Many organisations are consolidating vendors to reduce fragmentation in their risk management systems.

When safety, sustainability, and chemical management tools operate separately, teams often struggle to access consistent data or share insights across departments. Vendor consolidation helps organisations create a more consistent user experience, simplify training, and improve data sharing across systems.

This approach also improves oversight and enables organisations to extract more value from connected risk insights.

Why is chemical risk management still a challenge for many organisations?

Chemical exposure remains common across many industries, but chemical safety strategies often lag behind other risk programmes.

This gap typically occurs because chemical management is treated as a compliance exercise rather than an operational discipline integrated into daily safety workflows.

Without consistent access to safety data sheets (SDS), substitution programmes, and clear hazard communication, organisations may struggle to reduce exposure risks or implement safer alternatives effectively.

What risks do lone workers and contractors face in modern workplaces?

As work becomes more distributed across sites, contractors, and remote locations, organisations face increased challenges in maintaining consistent safety oversight.

Lone workers may have limited supervision and slower response times during emergencies. Contractors may also operate outside standard internal safety processes.

As a result, organisations are investing in digital lone worker monitoring, contractor management systems, and connected safety platforms to ensure consistent oversight and incident response.

Why is workforce engagement critical to safety transformation?

Technology alone cannot improve safety outcomes without active workforce participation.

Frontline employees are often the first to identify hazards, incidents, or near misses.
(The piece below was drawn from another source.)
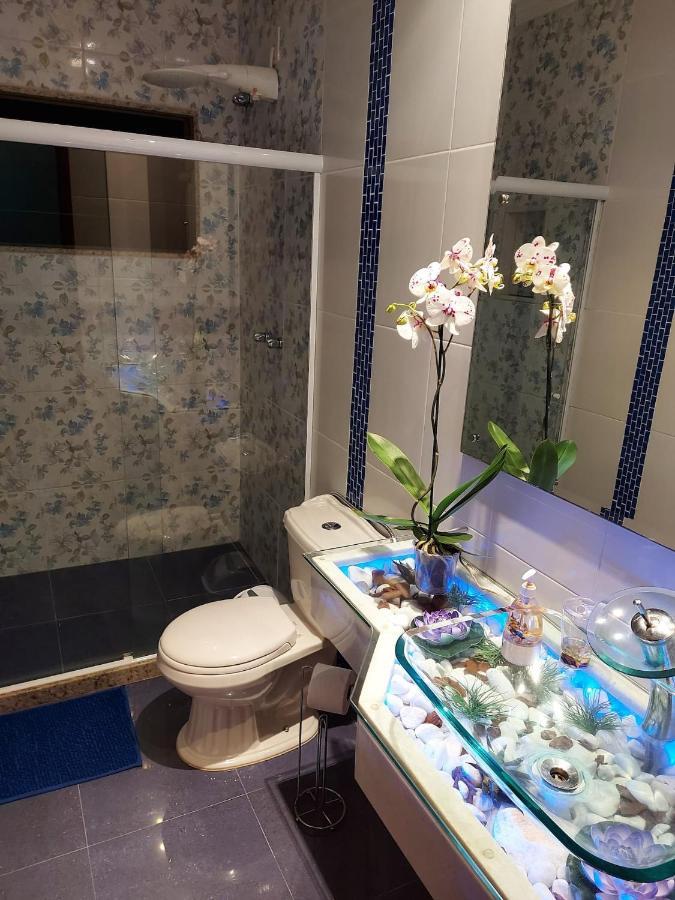 Villa Casa Dos Sonhos - Alto Padrao Guapimirim Esterno foto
When workers actively report issues and engage with digital safety systems, organisations gain real-time insight into operational risks.

High engagement improves reporting accuracy, accelerates corrective action, and strengthens the overall safety culture.

What role does AI play in workplace safety and risk management?

Artificial intelligence is beginning to support safety professionals by helping analyse large volumes of operational data.

AI can assist with tasks such as incident analysis, pattern detection, predictive risk identification, and automated reporting.

However, organisations are adopting AI cautiously, ensuring that it enhances human expertise rather than replacing judgement in safety-critical decisions.

How can organisations prepare for future operational risks?

Organisations can strengthen readiness for future risks by focusing on three key capabilities:

1. Connected risk data across safety, sustainability, and operational systems
2. Workforce engagement that supports real-time reporting and insights
3. Predictive capabilities, including analytics and AI tools that identify emerging risk patterns

These capabilities help organisations move from reactive compliance to proactive risk prevention and operational resilience.